First, one could use this to generally replace most existing welfare programs, ranging from housing projects, to Section 8 vouchers, to food-stamps, to disability payments. Since everyone is guaranteed a job paying a living wage, there is no need for any further subsidy. Even people on disability can be given a job. Those with physical handicaps can be paid to watch security cameras. Those with schizophrenia are not crazy all the time. Surely there is some safe job they could find dignity in – whether that be cleaning up sidewalks or tending gardens in city parks.

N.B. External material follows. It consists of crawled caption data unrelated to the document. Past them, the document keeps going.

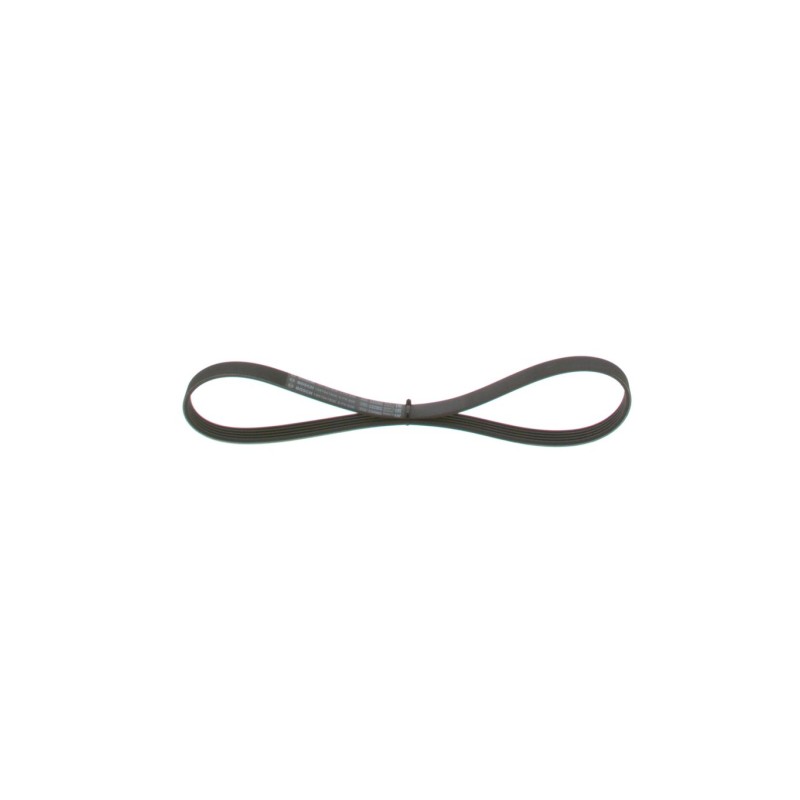 Poly V-riem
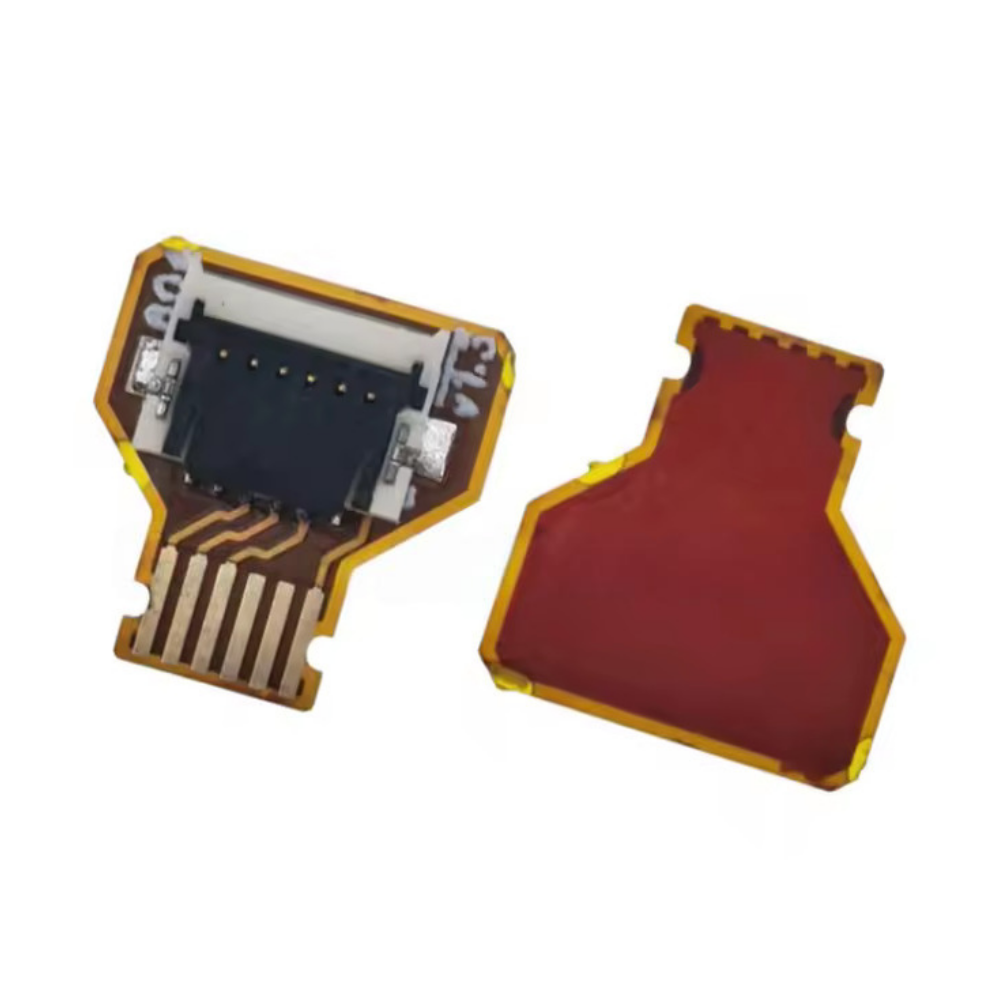 Adaptador + Análogo Joystick para Sony PSV 1000 PsVita Fat PlayStation Vita - Imagen 4
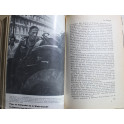 Livre Paris Brûle-t-il? Histoire de la libération de Paris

Second, the subsidy money could come from reducing funding for schools. In the past fifty years there has been massive increases in the total amount spent on schooling, and the number of years of schooling. The theory is that since more schooled workers earn more, investing more in schooling will raise all wages. It is becoming more and more clear that this theory was totally wrong.
The reality is that schooling is a red-queen race – more years of schooling are needed simply to stay ahead of everyone else. Schooling is rarely value-add, and even more rarely is it value-add in a cost and time efficient manner. College graduates earn more because a degree signals to employers that the holder is conscientious and smart. But if everyone gets more degrees, it just devalues the signal, requiring everyone to get an additional degree to stay ahead. Thus as more and more people go to college, the marginal college students finds themselves graduating and working for customer support at Verizon or as a barista at Starbucks. Sending more people to school does not create more high-paying jobs; it does nothing to solve the imbalance between those with specialized, high-leverage jobs and those with commodity jobs; it does nothing to solve the problem of a global surplus of commodity labor. (To read more about the analysis in the paragraph, there are lots of more detailed links in the footnotes).4
By rolling back education to the level spent in the 1970s – a period in which America dominated the world in technology and innovation – hundreds of billions of dollars could be freed up to directly and immediately accomplish the end goal of creating a good job for every worker.

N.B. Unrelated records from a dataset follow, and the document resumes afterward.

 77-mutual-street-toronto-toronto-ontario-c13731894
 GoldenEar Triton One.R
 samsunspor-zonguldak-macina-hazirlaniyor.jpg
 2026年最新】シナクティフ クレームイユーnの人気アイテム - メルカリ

So that is my day-dream: a good job for every American, guaranteed, with no perverse impacts of the minimum wage, and no additional taxes. It could be accomplished next year, without any downside.
But it will never happen.
First, it is extremely hard to get public support for such a plan. Why? Well, who tells the public what to think? Schools. Academia. And journalists trained by schools and academia. Like any institution, these institutions always message how important they are. They teach that all economic advances are closely tied to schooling. They teach that to defund school is to defund our children. You would not want to shortchange our children would you? Are you against investing in our future? What kind of monster are you?
Second, the unfortunate truth is that policies are not enacted out of some sense of the general benefit. The truth is that programs are mostly supported by their bureaucracies. Let me prove the point in two pictures:
Picture one is a chart of all the welfare programs in the United States:
Such a system is not a product of intelligent design or human reasoning about what helps people. It evolved in slip-shod fashion, with each bureaucracy expanding its own turf, jealously guarding its own budget, and creating its own dependents.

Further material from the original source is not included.